Reactions: Like 1 | EyeCandy! 8 | Way Cool 3


----------



## ClintW (Jul 3, 2015)

Nice!

Reactions: Thank You! 1


----------



## ironman123 (Jul 3, 2015)

Thay is some cool duckwood Duckman.

Reactions: Thank You! 1


----------



## Nature Man (Jul 3, 2015)

Over the top goodness! Chuck

Reactions: Thank You! 1


----------



## Sprung (Jul 3, 2015)

Awesome, Duck!
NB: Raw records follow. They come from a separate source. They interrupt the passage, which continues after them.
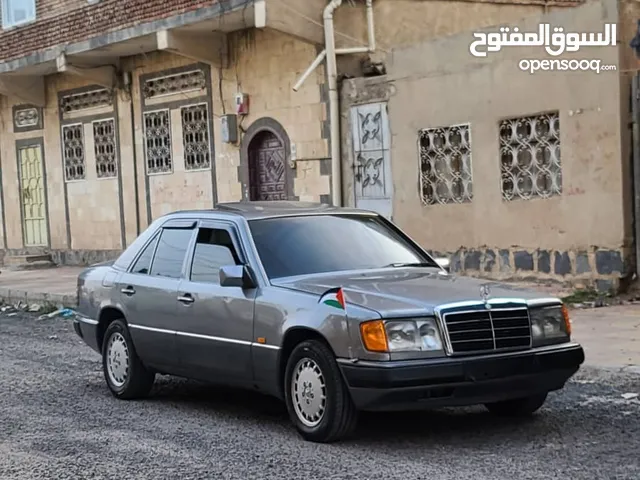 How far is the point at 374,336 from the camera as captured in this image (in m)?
6.31

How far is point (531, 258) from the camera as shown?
14.0 m

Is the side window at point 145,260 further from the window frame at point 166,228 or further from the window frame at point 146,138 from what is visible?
the window frame at point 146,138

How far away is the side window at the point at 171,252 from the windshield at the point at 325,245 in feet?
2.64

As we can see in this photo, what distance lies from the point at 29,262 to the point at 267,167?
841cm

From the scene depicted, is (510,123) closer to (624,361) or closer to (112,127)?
(624,361)

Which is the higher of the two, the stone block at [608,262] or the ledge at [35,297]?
the stone block at [608,262]

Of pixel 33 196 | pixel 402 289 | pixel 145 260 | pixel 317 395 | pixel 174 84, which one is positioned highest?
pixel 174 84

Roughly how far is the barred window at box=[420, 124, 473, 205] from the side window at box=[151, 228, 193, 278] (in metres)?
7.19

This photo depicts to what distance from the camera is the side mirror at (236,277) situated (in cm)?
724

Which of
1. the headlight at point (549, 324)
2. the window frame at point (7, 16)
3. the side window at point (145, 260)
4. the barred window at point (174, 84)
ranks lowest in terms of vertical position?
the headlight at point (549, 324)

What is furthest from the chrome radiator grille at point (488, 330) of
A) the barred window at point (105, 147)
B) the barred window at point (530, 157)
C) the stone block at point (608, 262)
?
the barred window at point (105, 147)

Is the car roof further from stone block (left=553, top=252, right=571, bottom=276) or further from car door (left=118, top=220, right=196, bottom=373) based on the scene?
stone block (left=553, top=252, right=571, bottom=276)


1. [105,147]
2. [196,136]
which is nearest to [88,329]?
[196,136]

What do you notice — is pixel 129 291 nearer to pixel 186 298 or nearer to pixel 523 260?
pixel 186 298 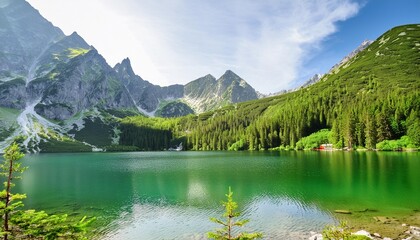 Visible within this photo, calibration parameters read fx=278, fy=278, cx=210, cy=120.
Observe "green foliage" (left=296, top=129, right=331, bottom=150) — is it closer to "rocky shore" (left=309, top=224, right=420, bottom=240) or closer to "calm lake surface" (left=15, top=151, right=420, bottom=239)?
"calm lake surface" (left=15, top=151, right=420, bottom=239)

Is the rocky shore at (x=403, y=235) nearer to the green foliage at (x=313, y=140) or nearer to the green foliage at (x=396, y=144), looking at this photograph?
the green foliage at (x=396, y=144)

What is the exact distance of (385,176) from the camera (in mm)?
57219

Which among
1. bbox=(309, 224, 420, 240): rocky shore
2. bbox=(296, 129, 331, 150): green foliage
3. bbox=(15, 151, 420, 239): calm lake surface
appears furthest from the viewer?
bbox=(296, 129, 331, 150): green foliage

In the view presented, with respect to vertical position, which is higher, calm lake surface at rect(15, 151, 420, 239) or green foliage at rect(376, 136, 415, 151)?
green foliage at rect(376, 136, 415, 151)

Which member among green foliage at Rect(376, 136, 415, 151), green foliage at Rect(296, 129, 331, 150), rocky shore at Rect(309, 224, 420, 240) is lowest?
rocky shore at Rect(309, 224, 420, 240)

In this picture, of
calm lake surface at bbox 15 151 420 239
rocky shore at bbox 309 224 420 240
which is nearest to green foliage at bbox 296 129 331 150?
calm lake surface at bbox 15 151 420 239

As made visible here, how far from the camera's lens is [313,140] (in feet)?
562

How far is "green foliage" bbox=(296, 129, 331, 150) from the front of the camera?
6604 inches

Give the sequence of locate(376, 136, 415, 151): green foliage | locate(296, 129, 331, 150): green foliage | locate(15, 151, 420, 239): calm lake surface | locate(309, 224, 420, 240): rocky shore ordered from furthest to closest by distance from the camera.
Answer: locate(296, 129, 331, 150): green foliage, locate(376, 136, 415, 151): green foliage, locate(15, 151, 420, 239): calm lake surface, locate(309, 224, 420, 240): rocky shore

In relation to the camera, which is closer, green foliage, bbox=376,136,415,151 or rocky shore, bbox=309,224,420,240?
rocky shore, bbox=309,224,420,240

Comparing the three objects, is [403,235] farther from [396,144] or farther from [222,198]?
[396,144]

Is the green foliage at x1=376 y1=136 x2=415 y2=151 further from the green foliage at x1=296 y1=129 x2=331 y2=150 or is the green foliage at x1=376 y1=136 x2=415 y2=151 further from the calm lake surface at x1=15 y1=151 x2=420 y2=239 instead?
the calm lake surface at x1=15 y1=151 x2=420 y2=239

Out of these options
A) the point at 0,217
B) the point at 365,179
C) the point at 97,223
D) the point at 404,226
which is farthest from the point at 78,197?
the point at 365,179

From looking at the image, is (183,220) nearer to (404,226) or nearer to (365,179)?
(404,226) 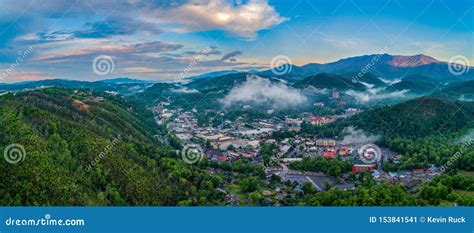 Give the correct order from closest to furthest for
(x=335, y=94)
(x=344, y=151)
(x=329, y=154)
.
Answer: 1. (x=329, y=154)
2. (x=344, y=151)
3. (x=335, y=94)

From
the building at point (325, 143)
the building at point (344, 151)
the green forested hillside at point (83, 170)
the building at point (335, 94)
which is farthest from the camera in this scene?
the building at point (335, 94)

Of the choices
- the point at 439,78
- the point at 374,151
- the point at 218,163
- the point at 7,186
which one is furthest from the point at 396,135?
the point at 439,78

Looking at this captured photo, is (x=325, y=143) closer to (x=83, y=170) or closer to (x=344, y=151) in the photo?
(x=344, y=151)

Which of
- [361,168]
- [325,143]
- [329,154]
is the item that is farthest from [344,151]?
[361,168]

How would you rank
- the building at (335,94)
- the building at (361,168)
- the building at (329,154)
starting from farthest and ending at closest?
the building at (335,94)
the building at (329,154)
the building at (361,168)

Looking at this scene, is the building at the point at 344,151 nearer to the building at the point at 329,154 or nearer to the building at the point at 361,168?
the building at the point at 329,154

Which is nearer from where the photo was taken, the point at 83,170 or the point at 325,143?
the point at 83,170

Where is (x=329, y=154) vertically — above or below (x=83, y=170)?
above

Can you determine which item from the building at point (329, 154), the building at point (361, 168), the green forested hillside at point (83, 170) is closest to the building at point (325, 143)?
the building at point (329, 154)

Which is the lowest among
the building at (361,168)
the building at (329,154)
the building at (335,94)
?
the building at (361,168) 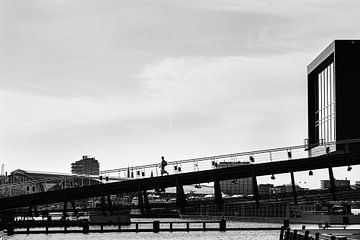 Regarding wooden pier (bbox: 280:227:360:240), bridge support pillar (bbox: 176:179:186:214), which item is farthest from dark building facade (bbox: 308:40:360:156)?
wooden pier (bbox: 280:227:360:240)

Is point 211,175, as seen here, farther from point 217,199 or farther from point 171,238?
point 171,238

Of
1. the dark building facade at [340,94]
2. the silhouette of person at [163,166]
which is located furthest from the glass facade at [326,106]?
the silhouette of person at [163,166]

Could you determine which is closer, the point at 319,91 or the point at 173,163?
the point at 173,163

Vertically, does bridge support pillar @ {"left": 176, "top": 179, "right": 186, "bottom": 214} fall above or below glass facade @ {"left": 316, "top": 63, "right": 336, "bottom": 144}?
below

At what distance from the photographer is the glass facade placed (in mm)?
145875

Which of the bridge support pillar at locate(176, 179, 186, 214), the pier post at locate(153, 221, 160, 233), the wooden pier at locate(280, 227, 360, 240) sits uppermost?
the bridge support pillar at locate(176, 179, 186, 214)

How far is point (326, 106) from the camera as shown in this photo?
495 feet

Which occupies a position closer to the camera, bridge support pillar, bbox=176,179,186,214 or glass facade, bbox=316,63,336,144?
bridge support pillar, bbox=176,179,186,214

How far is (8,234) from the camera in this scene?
5920 inches

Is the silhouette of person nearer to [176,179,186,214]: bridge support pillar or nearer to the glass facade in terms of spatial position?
[176,179,186,214]: bridge support pillar

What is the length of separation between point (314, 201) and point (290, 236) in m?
95.7

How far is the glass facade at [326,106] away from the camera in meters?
146

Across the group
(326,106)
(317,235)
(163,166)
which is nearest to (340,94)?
(326,106)

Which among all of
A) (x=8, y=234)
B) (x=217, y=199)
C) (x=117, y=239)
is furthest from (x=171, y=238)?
(x=8, y=234) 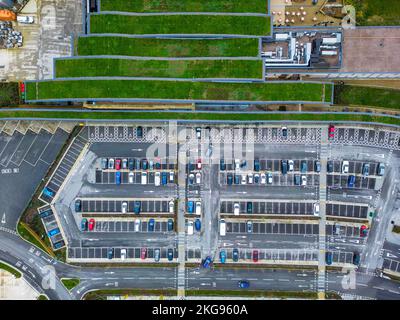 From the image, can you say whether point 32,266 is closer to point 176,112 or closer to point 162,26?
point 176,112

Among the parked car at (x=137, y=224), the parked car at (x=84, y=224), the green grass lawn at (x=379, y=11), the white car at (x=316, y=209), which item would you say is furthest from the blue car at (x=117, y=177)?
the green grass lawn at (x=379, y=11)

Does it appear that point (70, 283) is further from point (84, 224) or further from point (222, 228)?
point (222, 228)

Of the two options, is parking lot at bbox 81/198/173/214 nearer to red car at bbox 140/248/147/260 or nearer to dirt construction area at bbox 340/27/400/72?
red car at bbox 140/248/147/260

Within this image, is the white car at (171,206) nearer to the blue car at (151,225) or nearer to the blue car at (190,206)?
the blue car at (190,206)

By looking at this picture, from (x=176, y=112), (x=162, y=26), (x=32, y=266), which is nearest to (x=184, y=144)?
(x=176, y=112)

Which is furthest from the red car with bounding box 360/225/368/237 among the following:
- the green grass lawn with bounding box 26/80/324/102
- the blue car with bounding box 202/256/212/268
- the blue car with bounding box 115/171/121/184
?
the blue car with bounding box 115/171/121/184

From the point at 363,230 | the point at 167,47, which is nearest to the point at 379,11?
the point at 167,47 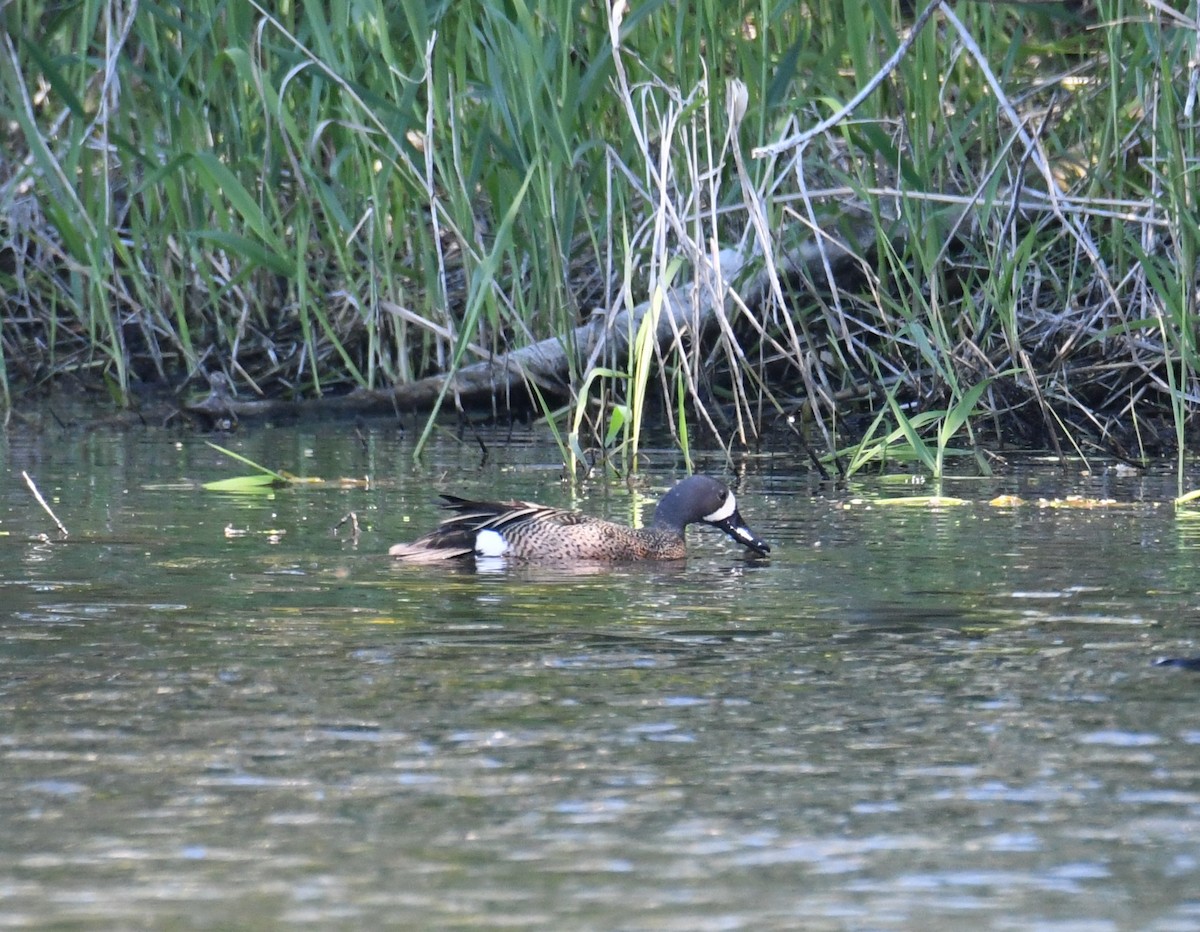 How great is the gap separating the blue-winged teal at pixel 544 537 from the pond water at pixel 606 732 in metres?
0.11

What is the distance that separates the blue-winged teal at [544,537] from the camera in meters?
6.89

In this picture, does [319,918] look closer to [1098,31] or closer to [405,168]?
[405,168]

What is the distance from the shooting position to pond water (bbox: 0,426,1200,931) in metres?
3.33

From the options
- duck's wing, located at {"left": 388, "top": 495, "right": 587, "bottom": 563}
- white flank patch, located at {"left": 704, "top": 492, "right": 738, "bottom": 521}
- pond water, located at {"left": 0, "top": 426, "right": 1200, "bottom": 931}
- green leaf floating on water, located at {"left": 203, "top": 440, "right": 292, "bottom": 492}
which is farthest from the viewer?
green leaf floating on water, located at {"left": 203, "top": 440, "right": 292, "bottom": 492}

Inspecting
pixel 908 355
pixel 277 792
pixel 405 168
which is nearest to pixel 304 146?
pixel 405 168

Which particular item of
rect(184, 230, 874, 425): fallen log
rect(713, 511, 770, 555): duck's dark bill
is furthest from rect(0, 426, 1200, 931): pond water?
rect(184, 230, 874, 425): fallen log

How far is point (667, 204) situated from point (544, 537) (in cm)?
137

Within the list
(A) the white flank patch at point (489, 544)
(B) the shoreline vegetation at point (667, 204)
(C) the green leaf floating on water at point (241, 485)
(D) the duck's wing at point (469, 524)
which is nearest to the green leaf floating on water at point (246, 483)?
(C) the green leaf floating on water at point (241, 485)

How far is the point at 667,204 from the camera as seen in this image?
7.66 metres

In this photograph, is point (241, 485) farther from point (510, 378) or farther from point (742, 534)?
point (742, 534)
I wish you lived close enough to pick up a slab or two - I'd love to pick up one for a bar top!

Reactions: Like 1


----------



## SENC (Jul 3, 2015)

Stunning, Duck!!


----------



## David Van Asperen (Jul 4, 2015)

Great golly Dave what a hoard or herd of slabs.
@Sprung Matt if you make it to Dave's for a couple of slab get a couple for me and I do not even need bar tops
Dave

Reactions: Like 1 | +Karma 1


----------



## Sprung (Jul 4, 2015)

David Van Asperen said:


> Great golly Dave what a hoard or herd of slabs.
> @Sprung Matt if you make it to Dave's for a couple of slab get a couple for me and I do not even need bar tops
> Dave



Will do! Besides, you're not that far down the road from me - if I can get them here from Ohio, here to your place would be a piece of cake!

Maybe I should've convinced my wife that our road trip last week should've diverted through Ohio on our way from my parents' in eastern Michigan to some of my wife's family in northern Indiana! Should've been able to strap a half dozen or so slabs to the top of a Pontiac G6, wouldn't you think?

Reactions: Agree 1


----------



## davduckman2010 (Jul 4, 2015)

Sprung said:


> Will do! Besides, you're not that far down the road from me - if I can get them here from Ohio, here to your place would be a piece of cake!
> 
> Maybe I should've convinced my wife that our road trip last week should've diverted through Ohio on our way from my parents' in eastern Michigan to some of my wife's family in northern Indiana! Should've been able to strap a half dozen or so slabs to the top of a Pontiac G6, wouldn't you think?


at least 8 big ones

Reactions: Agree 2


----------